WRITTEN BY SAMANTHA JACOBS
Labor union membership may need to increase in order for workers to earn fair pay.
The assistant secretary for policy at the Department of Labor and chief economist for the AFL-CIO has been watching closely as the gap between the rich and the poor grows and workers demand higher wages.
“We’re getting close to being worse than what we were in the 1920s,” Dr. William E. Spriggs said.
The Bureau of Labor Statistics recently released a report showing that union membership was down to 12.2 percent for full-time workers and nearly six percent for part-time workers, falling from the previous year.

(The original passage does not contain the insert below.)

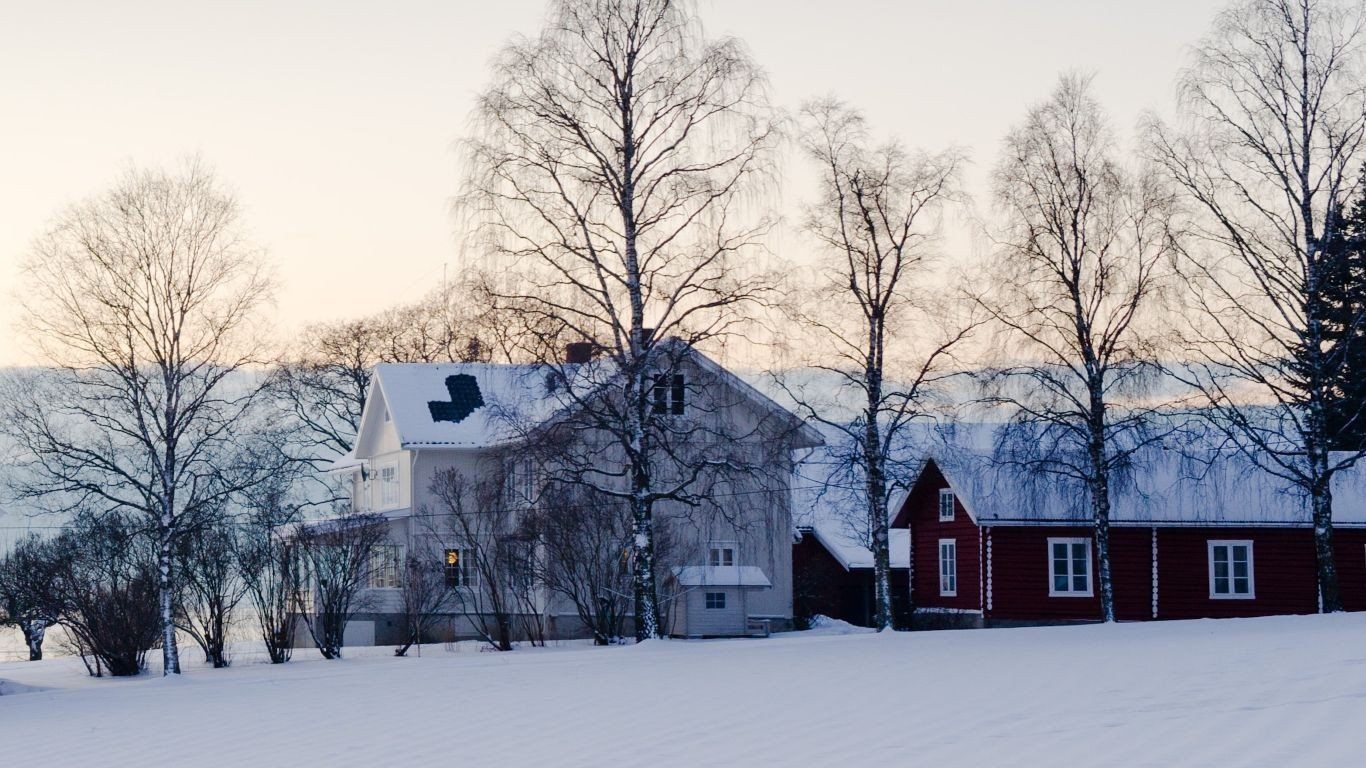 Hus med snø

The United States has extremely low union membership rates, falling behind countries such as Italy, Argentina, the United Kingdom and Canada, according to the International Labor Organization.
“The correlation is actually quite high between union density in a state, and whether the state has a higher minimum wage than the federal minimum wage,” Spriggs said. “So this has spillover effects to non-union members.”

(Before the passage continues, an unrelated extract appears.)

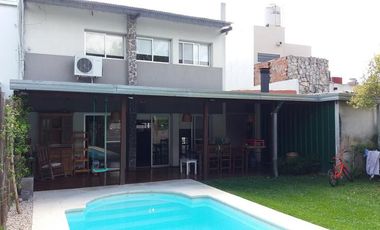 Casa - Venta- City Bell - 2 Dormitorios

As tough as things are now, Spriggs urges that changes in the workforce today are not hopeless fights for better equality.

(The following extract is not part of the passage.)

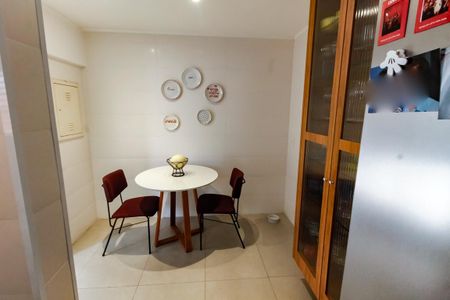 Apartamento para alugar com 146m², 3 quartos e 3 vagas Apartamento para alugar com 146m², 3 quartos e 3 vagasCozinha - Armários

“As cocky as we tend to be about our current generation, we need to be reminded that the 19th and 20th century was far more dramatic than what we’re living through,” Spriggs said. “Just think about all of the innovations that came about at the end of the 19th and early 20th century; airplanes, X-ray machines, radio, telephone.”
The new jobs that were created by these inventions were not considered good jobs at first. It took years of fighting, unionization and striking for workers to get the compensation they craved.
“Unions are the best way, and certainly that’s what we strive for, but some workers are outside of our labor laws and so they can’t organize in what would be recognized as unions,” Spriggs said.
Organizations such as “Fight for 15” have sprung up recently as workers push for a $15 minimum wage, but with declining union membership, this goal could be hard to achieve.
“I think that the hours that people work should increase a little bit more,” Wendy, a Catholic Social Services consumer and volunteer who asked that only her first name be included, said “The wage should increase because everything is going up, up, up but the hours and the income have not been up, up so we cannot catch up with that. So you never have enough.”
Race-wise, black workers had a higher union membership rate at 13.6 percent than workers who were white with a rate of 10.8 percent, according to the Bureau of Labor Statistics report.
“The boss can pick and choose on gender, he can pick and choose on race, he can pick and choose on religion, and unions form a way for workers to protect themselves from that type of behavior,” Spriggs said.
Wages among the workers in the same field should also be fair based on the job requirements and experience, but that does not usually happen.
“The pay gap between African Americans who are union members and those who are not is actually bigger than the pay gap between whites who are union members and who are not,” Spriggs said. “The union provides that protection against discrimination so there’s less discrimination in the union sector than in the nonunion sector.”